BrainStorm Cell Therapeutics Gearing Up for Phase 3b Trial of NurOwn, Its ALS Stem Cell Therapy, Submits IND Amendment
The amended IND application moves NurOwn® closer to initiation of the pivotal Phase 3b clinical trial for ALS patients.
BrainStorm Cell Therapeutics has submitted an amendment to its Investigational New Drug (IND) application to the U.S. Food and Drug Administration (FDA) for NurOwn®, the company’s autologous mesenchymal stem cell therapy (stem cells derived from a patient’s own bone marrow) for amyotrophic lateral sclerosis (ALS).

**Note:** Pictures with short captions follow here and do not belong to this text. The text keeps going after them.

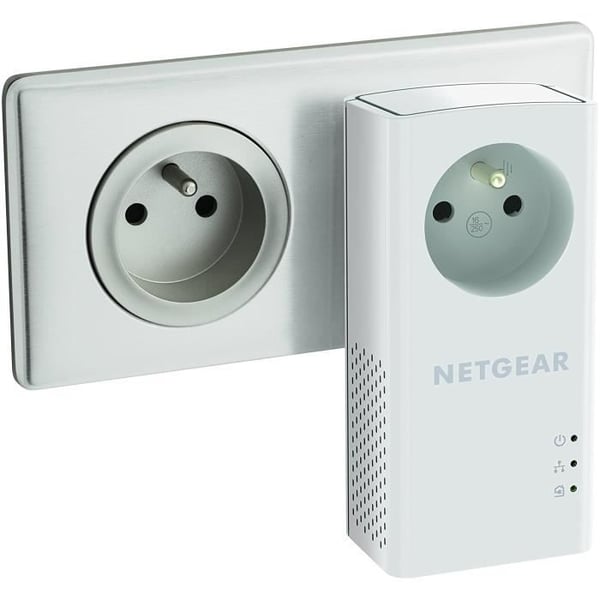 NETGEAR Pakke med 2 stk. 2000 Mbit/s Powerline-adaptere - 2 10/100/1000 RJ45-porte - med integreret stikkontakt PLP2000-100FRS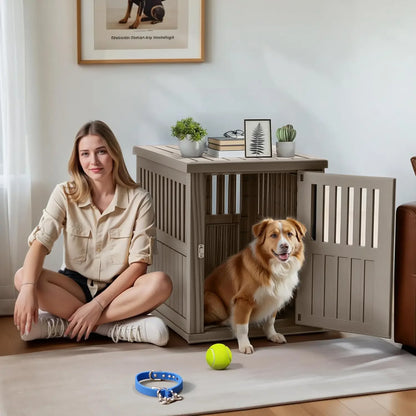 Dog Crate End Table – Lockable Indoor Kennel Nightstand for Small & Large Dogs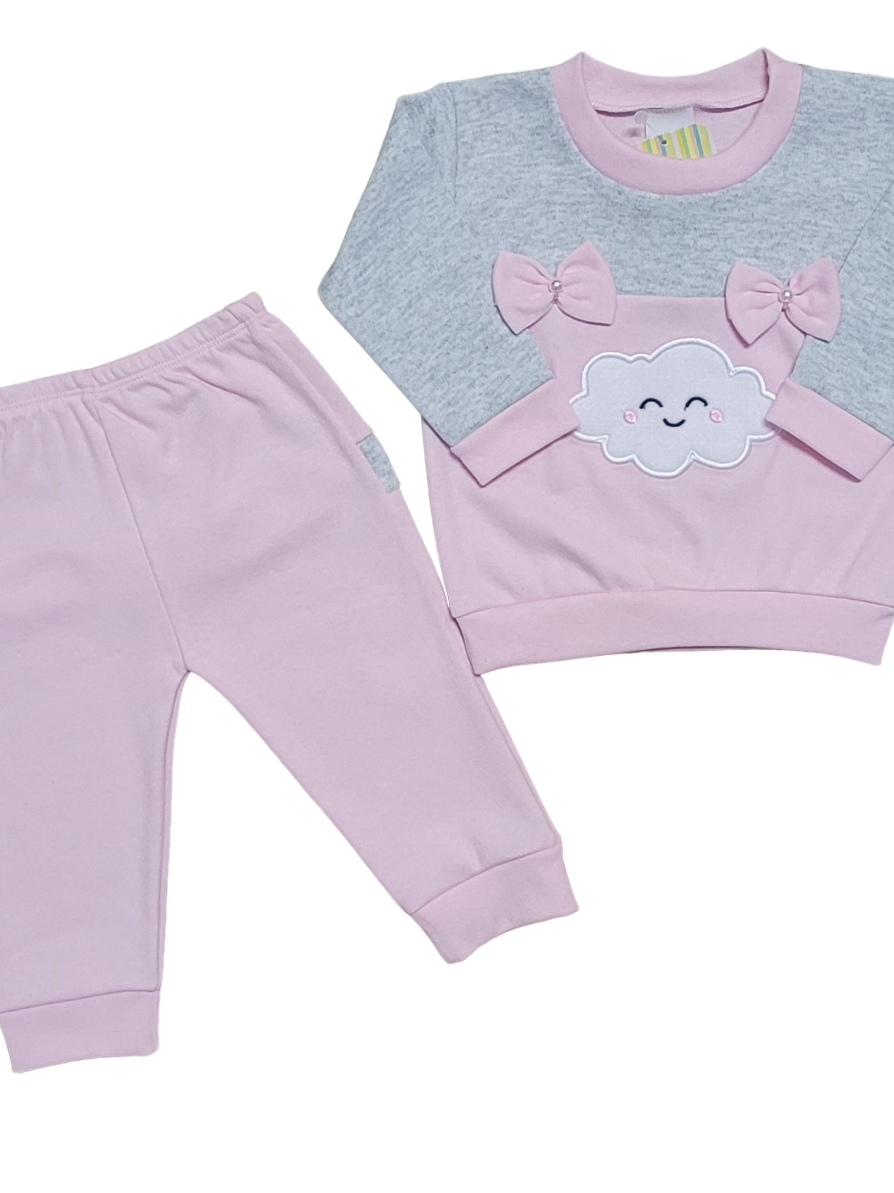 Conjunto Romila Bebê Menina Inverno Blusa Bordada + Calça com Babado Look Bebê Menina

NurOwn® is an autologous, bone marrow-derived mesenchymal stem cell therapy for neurodegenerative disorders. Bone marrow is aspirated from the patient, the stem cells are expanded and differentiated ex vivo, then grown under patented conditions to induce secretion of high levels of neurotrophic factors (NTFs).
The end product is what they call “MSC-NTF cells”, which they say may deliver multiple NTFs and immunomodulatory cytokines directly to sites of neurological damage, potentially slowing or stabilizing disease progression.

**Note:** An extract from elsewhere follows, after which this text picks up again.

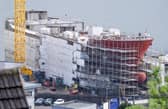 One of two Caledonian Macbrayne ferries being built in the Ferguson Marine shipyard in Port Glasgow, Inverclyde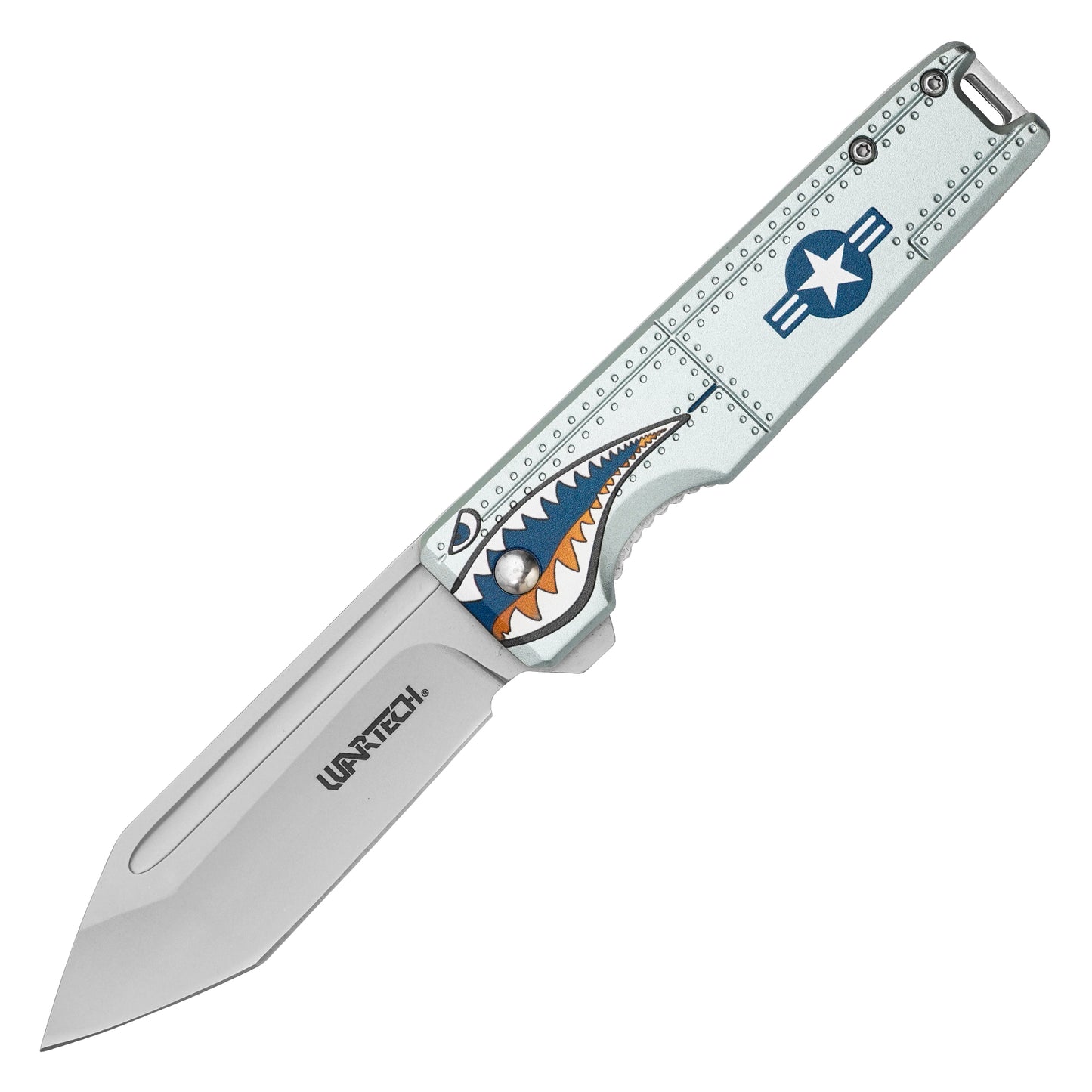 Wartech - 8.25" Blue Warbird Sharkmouth | Spring Assisted Pocket Knife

The amendment precedes the beginning of their Phase 3b trial, which has reportedly been designed under a [Special Protocol Assessment](https://www.fda.gov/regulatory-information/search-fda-guidance-documents/special-protocol-assessment-guidance-industry) (SPA) with the FDA. SPA is a process where the FDA evaluates a trial’s protocol to ensure they are scientifically sound and likely meets regulatory requirements for a future Biologics License Application (BLA).
BrainStorm expects the regulatory review of the IND amendment to proceed quickly, allowing the trial to begin shortly thereafter.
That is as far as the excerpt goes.